A Brief Introduction to Ruby's Kernel.fork
Recently, a coworker asked if I could help with manipulating some large CSV files. Each file contained approximately 1.2 million records and was over 200 megabytes in size. I’ve never worked with such large CSV files before, so I had no idea how long they would take to process.
I decided to start by writing a Ruby script that would parse and manipulate only a subset of the data. I used Benchmark to figure out how long it would take the program to run. I then did some quick calculations and the result was that it would take roughly 25 minutes to process the entire data set.
My first attempt looked like this:
require 'benchmark'
require 'csv'
# Read each record in sample.csv, manipulate it,
# and write it to sample.out.csv
bm = Benchmark.realtime do
File.open('sample.out.csv', 'w+') do |output|
CSV.foreach('sample.csv') do |input|
# Do some manipulations...
output.write(input.to_csv)
end
end
end
puts bm
Coincidentally, I had been reading about working with threads and processes in Ruby in the evenings.

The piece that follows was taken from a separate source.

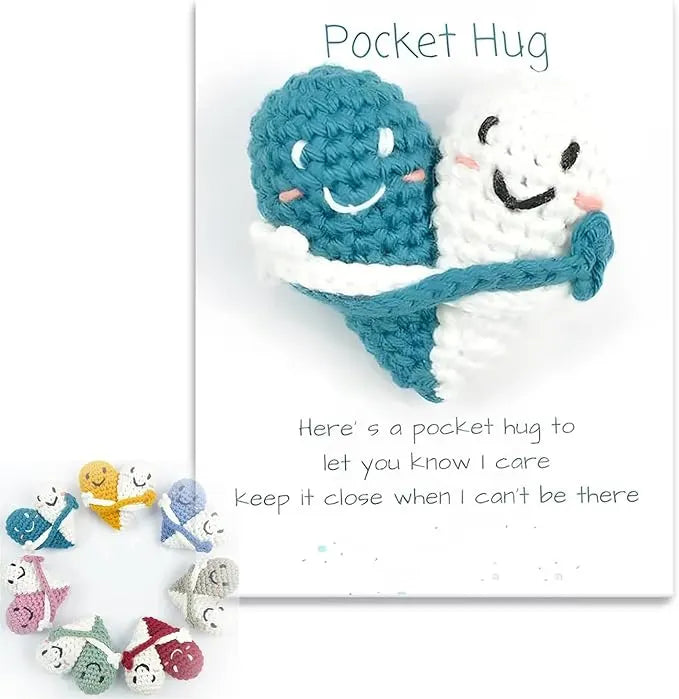 🔥LAST DAY 50% OFF -Crochet Pocket Hearts🧡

I thought that this would be a great opportunity to use some of my new knowledge.
About Kernel.fork
According to Ruby’s documentation, Kernel.fork
“creates a subprocess. If a block is specified, the block is run in the subprocess…” The documentation also points out that it should be used with Process.wait
or Process.detach
to avoid accumulating zombie processes.
Here is an example:
fork do
# Do stuff in a subprocess
end
# Wait for the subprocess(es) to finish
Process.wait
Reworking the Code
Integrating Kernel.fork
into my existing solution was very simple. All I had to do was insert a strategically placed fork
block into my code. The result being that I saved myself and my coworker several extra minutes of waiting.
Here’s what I ended up with:
require 'benchmark'
require 'csv'
bm = Benchmark.realtime do
['file1.csv', 'file2.csv', 'file3.csv'].each do |input_file|
fork do
output_file = input_file + '.out'
File.open(output_file, 'w+') do |output|
CSV.foreach(input_file) do |input|
# Do some manipulations...
output.write(input.to_csv)
end
end
end
end
end
puts bm
Bonus Tip
You can achieve the same result in Bash using ampersands (&). In Bash, the ampersand is a control operator used to fork processes. This means that if I were to modify the previous example to accept an input file and output file as arguments, I could then run the following command in Bash and achieve similar results:
ruby parse.rb in1.csv out1.csv & \
ruby parse.rb in2.csv out2.csv & \
ruby parse.rb in3.csv out3.csv &